Exercise directions: Return the following data exactly, with all pictures left out.
*** Opening Given data ***
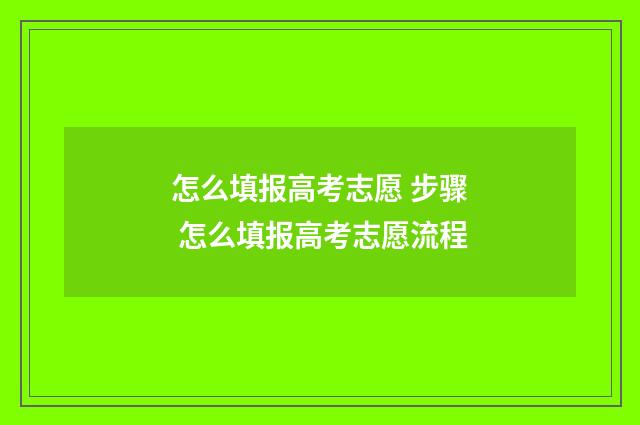 怎么填报高考志愿 步骤 怎么填报高考志愿流程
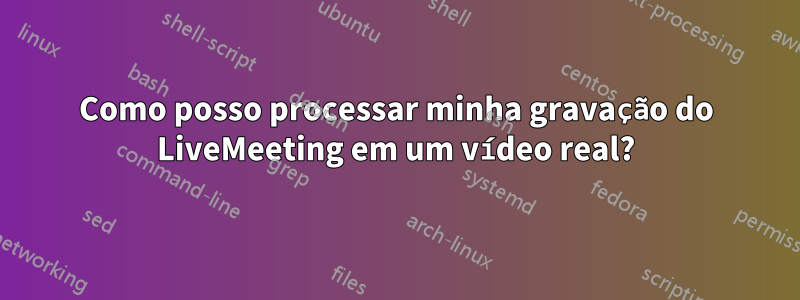 Como posso processar minha gravação do LiveMeeting em um vídeo real?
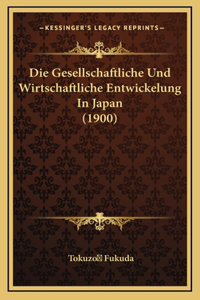 Die Gesellschaftliche Und Wirtschaftliche Entwickelung In Japan (1900)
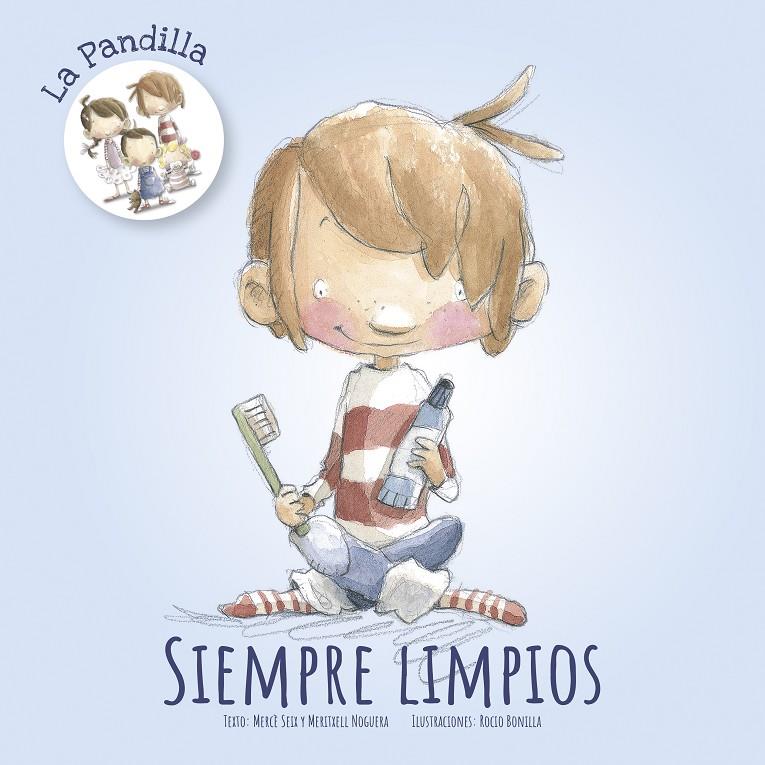 Siempre limpios | 9788491422044 | Seix, Mercè/Noguera, Meritxell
*** Closing Given data ***
Written answer:
 怎么填报高考志愿 步骤 怎么填报高考志愿流程
 Como posso processar minha gravação do LiveMeeting em um vídeo real?
 Die Gesellschaftliche Und Wirtschaftliche Entwickelung In Japan (1900)
 Siempre limpios | 9788491422044 | Seix, Mercè/Noguera, Meritxell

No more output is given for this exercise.